What follows is the result of a random idea followed by a thought experiment followed by multiple discussions all which occurred after a decade or more of playing MMORPGs. If you are a game designer or developer and you like what you read here, please feel free to contact me at email@example.com. Happy gaming!
Disclosure: In the interest of full disclosure, I do not now (September 2016), nor have I ever worked for any company that designs and/or makes video games. I have played Firefall and MechWarrior Online, and I have never played Hawken, all of which do share some interesting and similar, but far from radical or new ‘character shell’ mechanics and I am vaguely familiar with Crowfall, but I have not played it as it has not been released at the time that I wrote and published this (September 2016).
Imagine a sci-fi MMORPG where players run the gamut from light infantry mobile battle suits to combat mechs the size of small buildings! Now imagine that video game solving major issues endemic in MMORPGs for both players and content developers alike; issues like abandoned leveling zones, abandoned dungeons, newbie griefing, gear and stat inflation, inventory problems, problems juggling multiple sets of gear, problems juggling multiple character builds, and in-game travel time. Now imagine hordes of rabid, happy gamers cheering you on and shouting your name as they throw money at you by purchasing and playing your awesome genre redefining new sci-fi MMORPG because you made MMORPGs fun again!
Over the many years that I have played video games in general and MMOs in particular multiple recurring pain points have lodged themselves in my brain. While technological advances have certainly pushed the genre of video games far beyond what any of us imagined in the early 1980s, some problems have become endemic in video games, not from technological limitations, but from the way that we, as humans, think about these games. And these problems encompass not just the player experience, but also that of the game designer and developers. What follows is list of some of the more egregious pain points for both sides.
Developer Pain Points
- Abandoned Content
- Leveling Zones
- PVP Battlegrounds
- Gear and/or Stat Inflation
Level Cap Content Abandonment
In possibly all MMOPRGs, players level one or more characters through zones until they hit the current level cap. This typically renders all of the zones used to level characters both absolutely necessary and also virtual ghost towns after the initial leveling rush. I call this phenomenon level cap content abandonment. MMORPGs slowly fill up with these abandoned zones until, near an MMORPG’s end of life, its digital real estate is composed predominantly of under- or unpopulated zones that cannot be removed, yet still require maintenance and support overhead as well as posing the continued threat of development overhead to implement new (expansion) games changes in those old areas or to alleviate technical debt.
Just as leveling zones become both abandoned and absolutely necessary to maintain, so too do dungeons, raids, and other level-pegged player-versus-environment encounters.
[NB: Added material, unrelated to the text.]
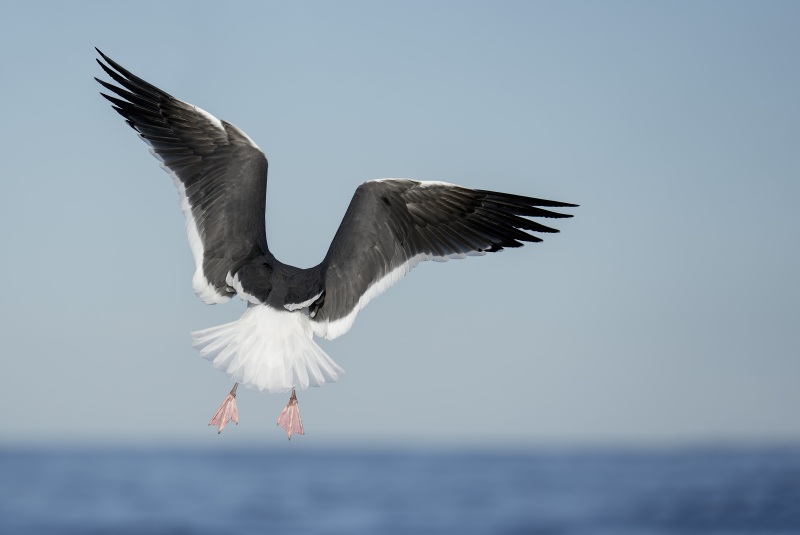 Western-Gull-3200-back-view-_DSC3115-Santee-Lakes-Regional-Park-CA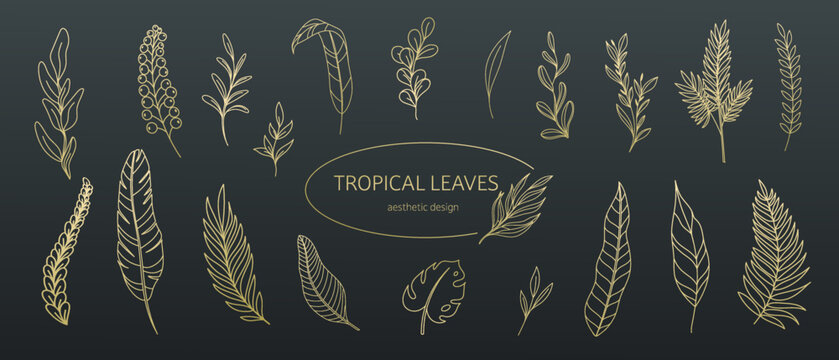 Tropical leaves outline icons set vector illustration. Hand drawn line summer leaf silhouettes, foliage of different exotic plants and tropical trees in floral aesthetic collection on black background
As players level beyond the maximum level requirement for the dungeon, raid, or encounter in waves tied to content release dates, all of those assets become underutilized or abandoned, but must still be maintained for players leveling through game after or between release dates. Again, these content assets become liabilities that cannot be removed from the game and must be maintained, exerting continued pressure and stress on development teams for maintenance and updates.
Lastly, player versus player battlegrounds are also the victims of level cap content abandonment. During leveling and even after reaching the game’s current level cap, PVP battlegrounds provide an alternative method for players to level and/or earn PVP-specific gear and/or bragging rights within the MMORPG’s player base. However, when there are level restrictions on certain battlegrounds, PVP battlegrounds become abandoned as the player base levels beyond the maximum level requirement for any given battleground. Scaling characters’ levels up or down has been utilized in some MMOs as a possible solution to the level cap content abandonment problem, but the truth of this experience remains that few, if any, scaled up low level characters ever best fully geared level capped characters because the scaled up low level character is missing the full range of class abilities (and time spent playing and learning a given character) and low level gear does not provide combat or ability bonuses that truly even the playing field even when scaled up.
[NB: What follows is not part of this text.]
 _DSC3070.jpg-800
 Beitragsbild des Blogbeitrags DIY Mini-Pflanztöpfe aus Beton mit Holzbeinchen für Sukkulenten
Level Cap Content Abandonment User Story
As an MMORPG designer/developer, I want to create content for my game that will not be forcibly abandoned by my game’s player base due to the mechanics of in-game progression, so that I can create meaningful content that will continue to bring joy to players throughout the life of my game.
Another major issue in long life cycle video games is gear and stat inflation. Traditionally, gear (armor, weapons, etc.) is offered as rewards to player characters who complete content (quests, dungeons, raids, etc.) with better gear being awarded for the completion of more difficult content. This is all well and good within a single iteration of a game, but for games that are expanded upon over the course of time, it becomes a challenge to reward players with gear that offers a meaningful sense of progression from one iteration of the game to the next without artificially inflating the stats on that gear. The classic example of this vanilla World of Warcraft (the first version of the game) versus the World of Warcraft Cataclysm expansion (the third expansion of the game).
In vanilla WoW, a level capped character who had completed all of the end game content, and only a small fraction of the player base actually did this, might have hit points/health somewhere around 7,000. And this would have been for a character that served as a tank. All other classes would have had much fewer hit points. In the Cataclysm expansion, characters who had finished questing and who had not completed endgame content already had hit points over 100,000. This is an almost fifteen fold jump in roughly five years! Player characters at the end of Cataclysm often had more hit points and better stats than endgame boss monsters in vanilla WoW! This kind of rampant gear and stat inflation was the subject of much heated debate by WoW players before and during the Cataclysm expansion.
Finally, it is also worth noting, that this kind of gear and stat inflation only further exacerbates the issues of level cap content abandonment as players find it much easier to progress to the next expansion of a game if it has been released than it is for them to engage in endgame content in the version of the game that they are currently playing since the gear offered as quest rewards in the expansion will outclass any of the endgame geared offered in the previous iteration of the game long before they reach the end of the expansion’s stock quests!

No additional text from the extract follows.